WHAT IS NEEDED: Write each line below back out exactly, omitting its pictures.

[Crawled caption data]

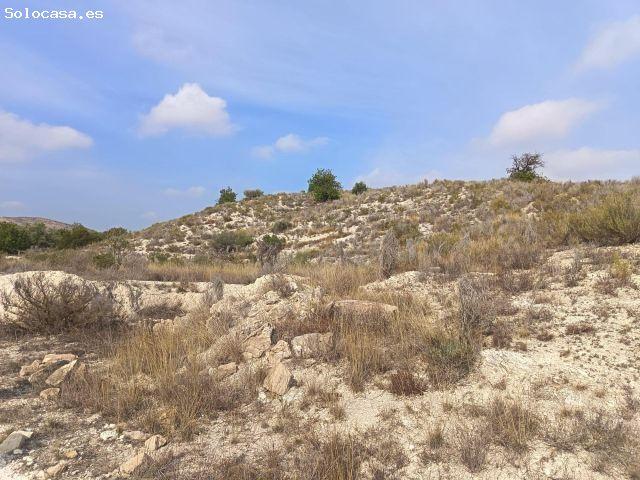 SE VENDE TERRENO GRANDE PARA INVERSION 36000 CUADRADOS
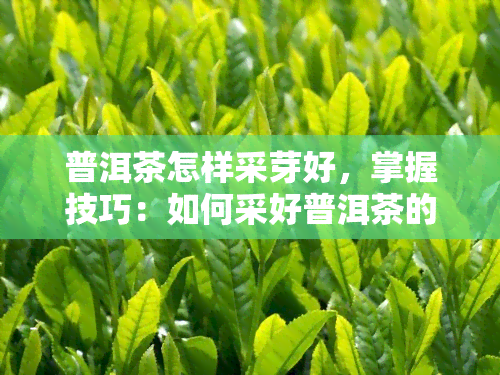 普洱茶怎样采芽好，掌握技巧：如何采好普洱茶的芽头？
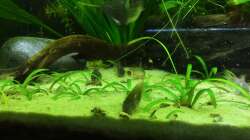 Corydoras Aeneus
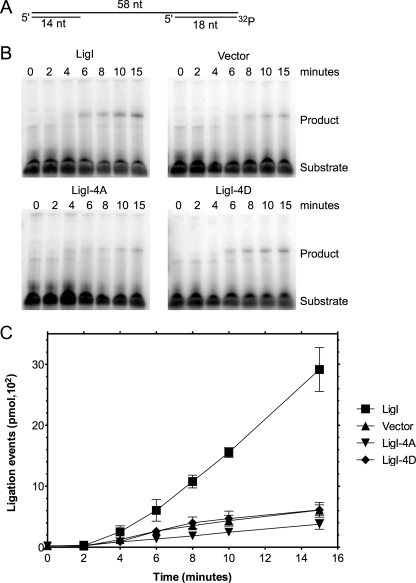 FIG. 6.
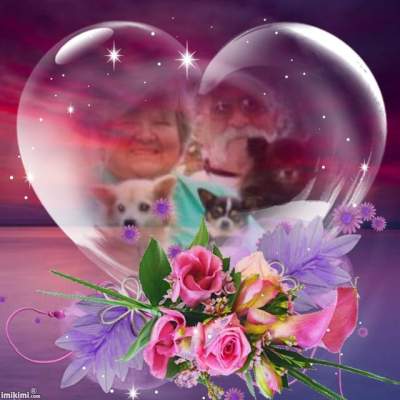 This wonderful image was made by Gail for Rita in May 2014, for when Gizmo died.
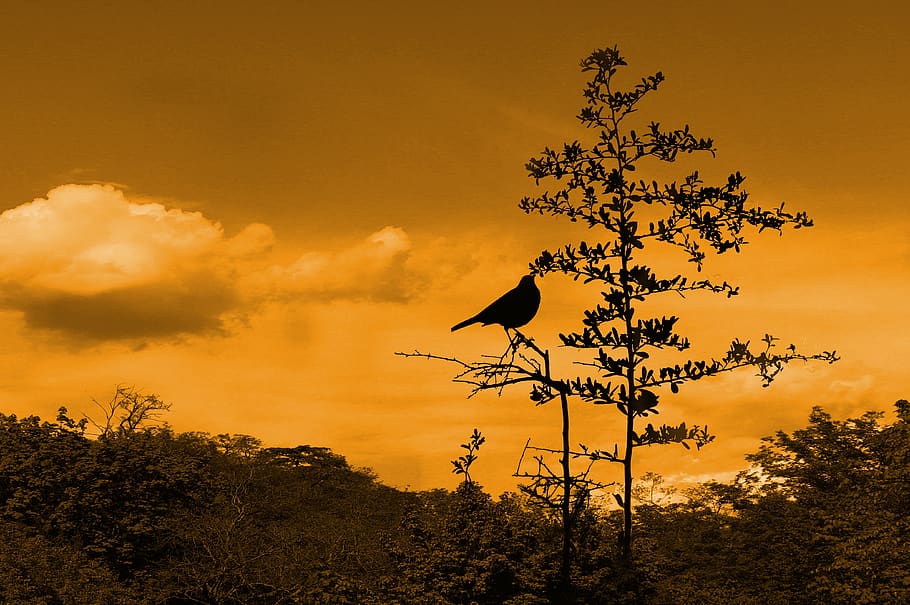 birds, notes, art, animal, natural, forest, nature, life, cold HD wallpaper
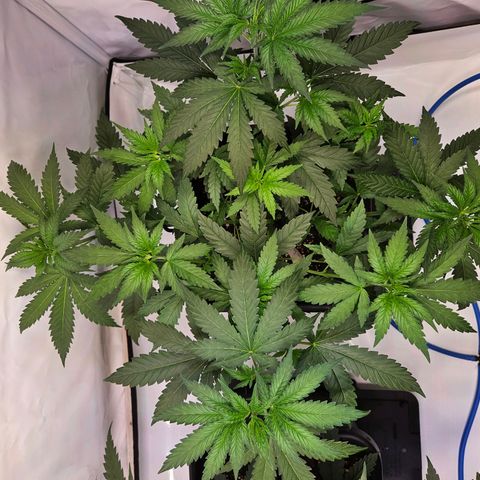 Mandarin punch #2 growlog timeline photo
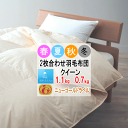 羽毛布団 クイーン クィーン 2枚合わせ 肌布団 合掛け布団 ホワイトダウン ニューゴールドラベル 340dp以上 軽量生地 オールシーズン 日本製【P2】(3)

ANSWER TO THIS TASK:
 SE VENDE TERRENO GRANDE PARA INVERSION 36000 CUADRADOS
 普洱茶怎样采芽好，掌握技巧：如何采好普洱茶的芽头？
 Corydoras Aeneus
 FIG. 6.
 This wonderful image was made by Gail for Rita in May 2014, for when Gizmo died.
 birds, notes, art, animal, natural, forest, nature, life, cold HD wallpaper
 Mandarin punch #2 growlog timeline photo
 羽毛布団 クイーン クィーン 2枚合わせ 肌布団 合掛け布団 ホワイトダウン ニューゴールドラベル 340dp以上 軽量生地 オールシーズン 日本製【P2】(3)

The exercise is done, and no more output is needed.